Oben am Schlossberg dann doch noch ein Mord. Dort, wo das große, steinerne Kreuz steht. "Allerheiligen 1514 hat an dieser Stelle Fritz Marschalk von Wildenberg einen Maximilian Tannhauser vermutlich im Streit entleibt", erzählt Kolbet. "Beide waren adliger Abstammung, sodass der Täter sich mit den Angehörigen des Opfers außergerichtlich einigen konnte, was bei Totschlag möglich war." Laut der Stadtführerin gehörte neben Wallfahrten nach Aachen und nach Rom und Unterstützung der Familie das Aufstellen eines solchen Rechtsmals mit zur Wiedergutmachung. "Es finden sich noch einige große Sandsteinkreuze, das sind Sühnemarker, wo jemand gewaltsam zu Tode kam."

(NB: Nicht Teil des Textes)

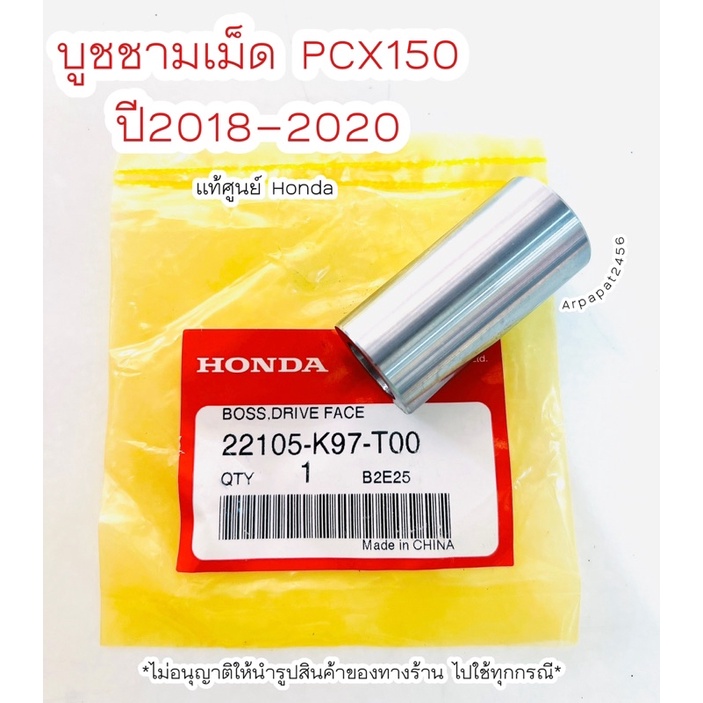 บูชชามใส่เม็ด PCX150 ปี2018-2020 แท้ศูนย์ฮอนด้า เก็บเงินปลายทางได้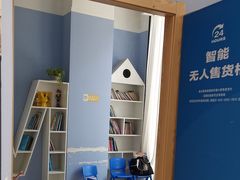 -I-Shine英语国际教育(大三林中心)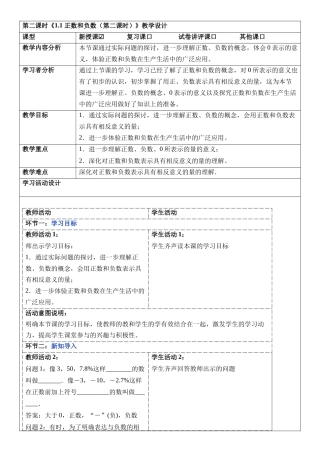  （2025-2026学年）人教版数学七年级上册1.1 正数和负数（第二课时）-教案（练习附答案）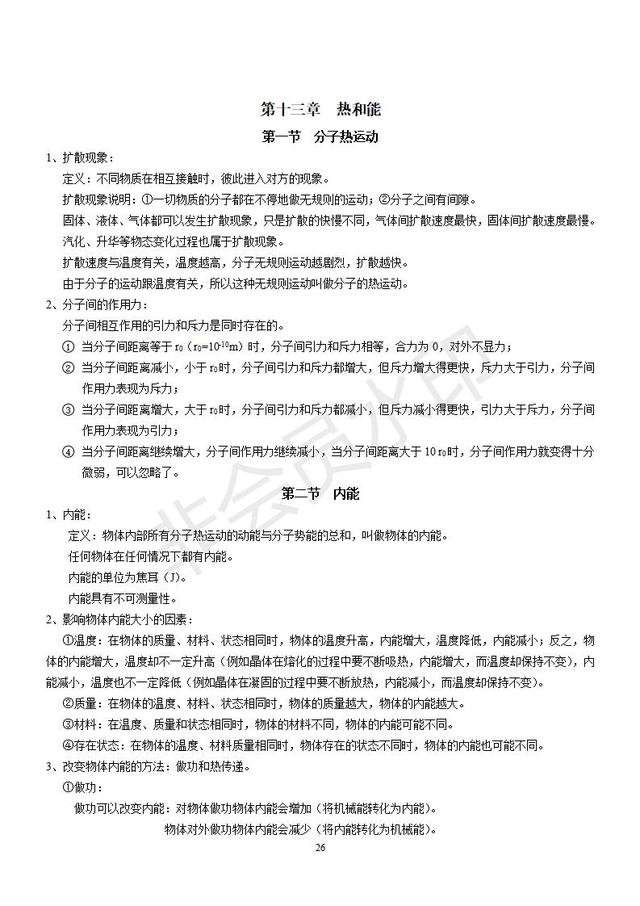 人教版初中物理复习知识点大全，收藏了，中考复习一定用得到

Aber wie war denn der genaue Ablauf eines Verfahrens, wenn man nicht um ein solches herumkam? "Nach dem Geständnis wurde am Rathaus die Glocke geläutet", sagt Kolbet, "dann kamen die Leute zusammen zur öffentlichen Gerichtsverhandlung. Das passierte an der Schranne, dem Gerichtsplatz. Das Urteil wurde gefällt und es gab ein Henkersmahl. Meist waren das ja arme Schweine, da konnten die sich das erste Mal richtig satt essen. Mit einer Prozession ging es aus der Stadt raus. Das war ein Riesenspektakel, wie Altstadtfest und Kerwa auf einmal." Über die alte Aischbrücke ging es laut Kolbet entweder zum Galgenberg oder zum Sauanger.

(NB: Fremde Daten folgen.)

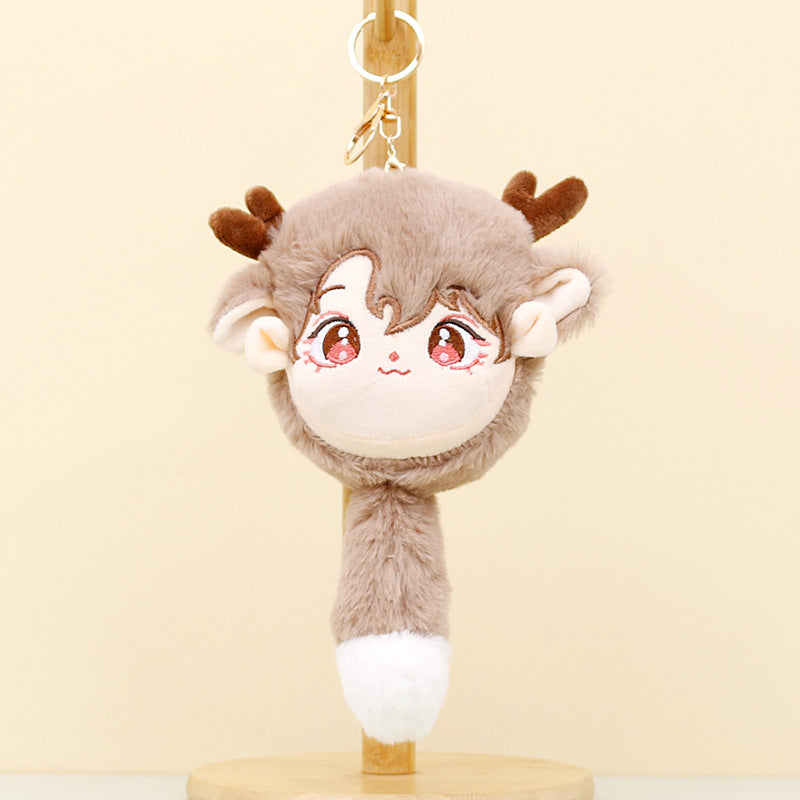 Cartoon Game Plush Toy Keychain Pendant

"Die letzte Hinrichtung hat 1699 stattgefunden", sagt sie, "Johann Merck, ein Maler aus Bamberg, und Fritz Hoffmann, Jäger aus Röbersdorf." Kolbet erzählt, dass beide Rädelsführer bei den Plünderungen der Juden waren, denen man damals für alles die Schuld in die Schuhe schob, in diesem Fall für die Hungersnot. Merck wurde gehenkt, Hoffmann enthauptet.